The Ruffed Grouse Society is a company based in the exact same hills the place I performed as a boy. It’s establishing partnerships between forest companies and forest product industries throughout the Southeast below its Stewardship Venture. This work goals to facilitate improved implementation of forest administration practices on each non-public and public land. The possibilities of this story turning into a hit improve as passionate, conservation-minded people fill positions in state wildlife and forest administration companies.
The wheel of ruffed grouse habitat administration turns slowly. Blame for the downfall of those lovely birds can’t be positioned totally on one occasion. Nevertheless, with out motion, it’s clear that the present developments will proceed to creep in direction of eradication.
Through the years, my grandfather and father, together with many different hunters, stopped grouse looking because of the reducing inhabitants. As I grew older, the tales my grandfather advised shifted from awe-inspiring to dreary and bleak. The story he tells most frequently now’s of one of many final Appalachian ruffed grouse hunts of his life, which passed off within the early 2000s. He, a bunch of different males, and half a dozen of their canines hunted a 1,000-acre plot of personal land. Though they hunted it for a number of days, that they had no factors or flushes.

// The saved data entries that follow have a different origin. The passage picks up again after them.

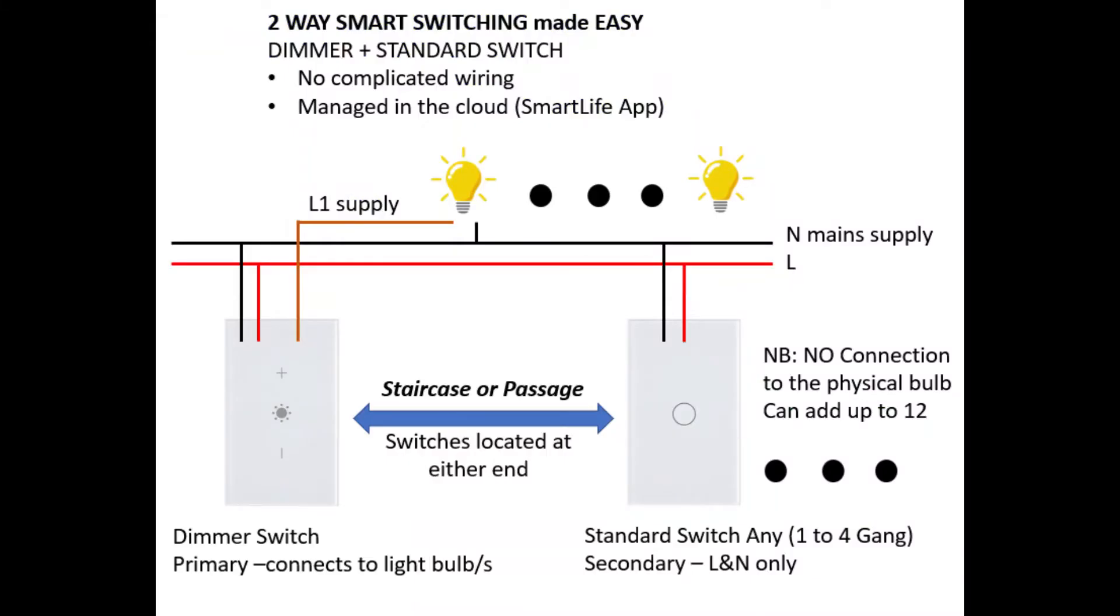We will be covering two-way smart switching using a smart dimmer switch and a smart standard switch. In this particular illustration, we'll be using a one gang switch, but you can use a two, three, and four gang switch. In this scenario, only the dimmer is connected to the light bulb, and the single switch is connected just by power.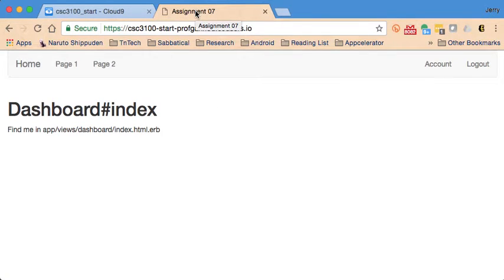In this video we're going to take a look at the use of the Rails database console. In this case we're going to be looking at the use of the PostgreSQL console to look at things like the databases and tables that are part of the application.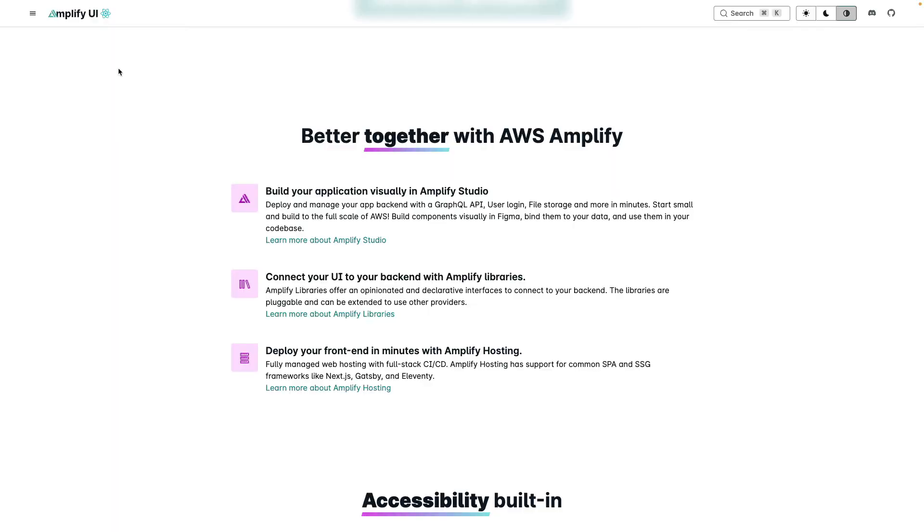Amplify UI is part of the greater AWS Amplify ecosystem where you can provision backend resources, connect your frontend to your backend with the Amplify libraries, using popular frontend and mobile platforms like iOS, Android, Flutter, and JavaScript for the web. You can also deploy your frontend in minutes with Amplify hosting.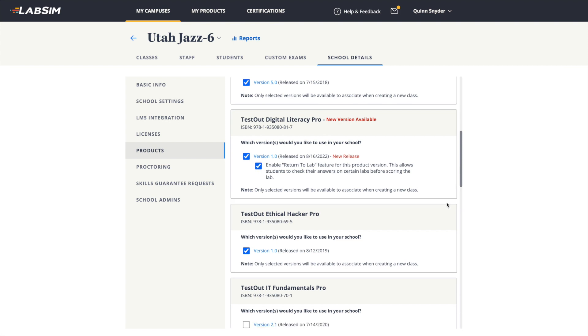That's it! Your students will now be able to check their progress in a lab before submitting it for a score.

Final fall, I had my first probability to chase these birds in a setting that provided the potential for fulfillment. Unsurprisingly, this chance got here with the identical two males who impressed me to pursue the game within the first place.
My grandfather, father, and I marched into one of many many island mountain ranges in Montana seeking bringing tales of wholesome ruffed grouse populations into our actuality. With the consequences of age limiting each my grandfather and father, the mountains proved to be tough terrain. I hiked up hillsides, working my Vizsla pet by way of thickets of dense hawthorn whereas they paralleled the creek.

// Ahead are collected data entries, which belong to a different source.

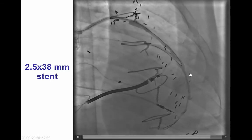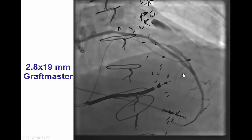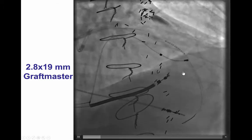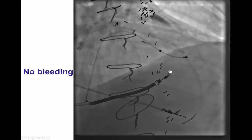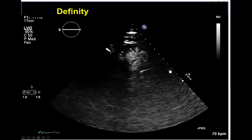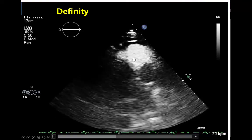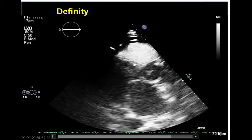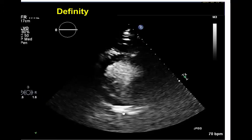We delivered a stent into the mid-to-distal LAD proximal to the perforation. Then, just to be 100% sure, we deployed a covered stent — a 2.8 by 19 mm JOSTENT GraftMaster — right on top of the perforation site. The covered stent was successfully deployed, giving us peace of mind against recurrent pericardial effusions, which can occasionally occur hours after the procedure. To confirm closure, we performed transthoracic echo with echo contrast (Definity) to see if any bubbles leaked into the pericardial space. There was no leak, confirming the covered stent had successfully closed the perforation.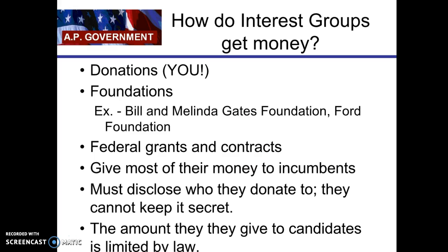How do interest groups get money? Mainly through donations, but also through foundations. Some interest groups are also non-governmental organizations, so they're tax-deductible and focused on giving aid, allowing them to receive federal grants. Remember, interest groups have to disclose who they donate to through their PAC, and that's all done through the FEC — the Federal Election Commission.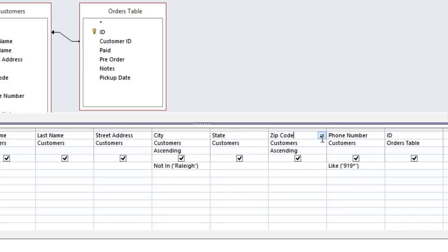Below the sort row there is a checkbox for each field, and you can uncheck a box to hide the field in the results. We're using the phone number field to filter our results, but we don't actually need to see the phone numbers, so I'll uncheck this. And I'm also going to hide the ID field.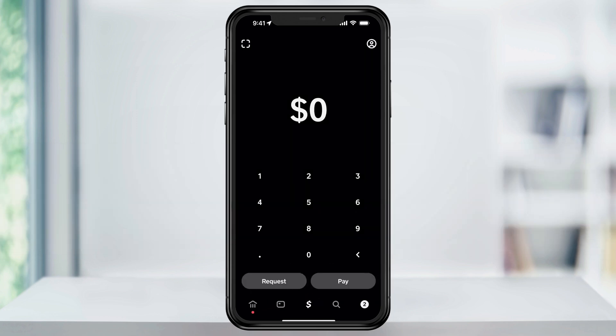After you add or skip contacts, you'll be all set up and taken to the Cash App homepage. From here, you can request, pay, or use Cash App however you need.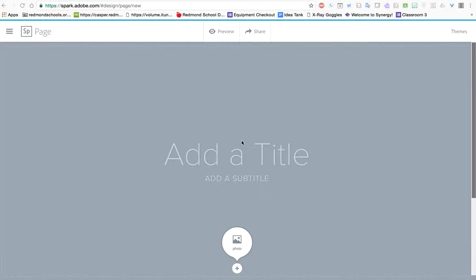We're going to take a look at Adobe Spark Pages. Page is one of three tools that Adobe Spark offers online, and this tool is great for creating stunning layouts. So we'll just jump into it as you create your first page.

A lot to my shock, the canine screeched to a staunch level. I yelled down to make sure everybody knew of the purpose. I eased ahead, softly woahing and patting my pup on the pinnacle as I handed by him. With out warning, three ruffed grouse thunderously erupted from below the bush in entrance of me. They glided down the hill towards my grandfather. Pictures rang from his double-barreled 20-gauge, and two of the birds crumpled as the masses met their flight path. A strong retrieve and return at hand turned the web page on a lifelong dream of mine.


As I pulled my sweat-stained socks off my blistered ft on the tailgate, with our three ruffed grouse and my pup beside me, I noticed that not one of the different birds we harvested on this journey meant an oz as a lot as these. Not due to the meat or the canine work, however for the reminiscence, the camaraderie, and the hope it instilled for ruffed grouse populations within the southern Appalachians.
In the future, God keen, I’ll discover myself within the hills chasing these magnificent birds with my son and grandson. I hope that it’s in my residence state of Virginia, on the identical hills that I as soon as shared with my father and grandfather. I hope that I can keep in mind the fruitless hours and miles of my youth as a fond reminiscence—a low level within the hopeful underdog story of the Appalachian ruffed grouse. However I do know, as I presume many others do, that to ensure that that to occur, we’ll have to present our conservation practices nothing wanting a trial by fireplace.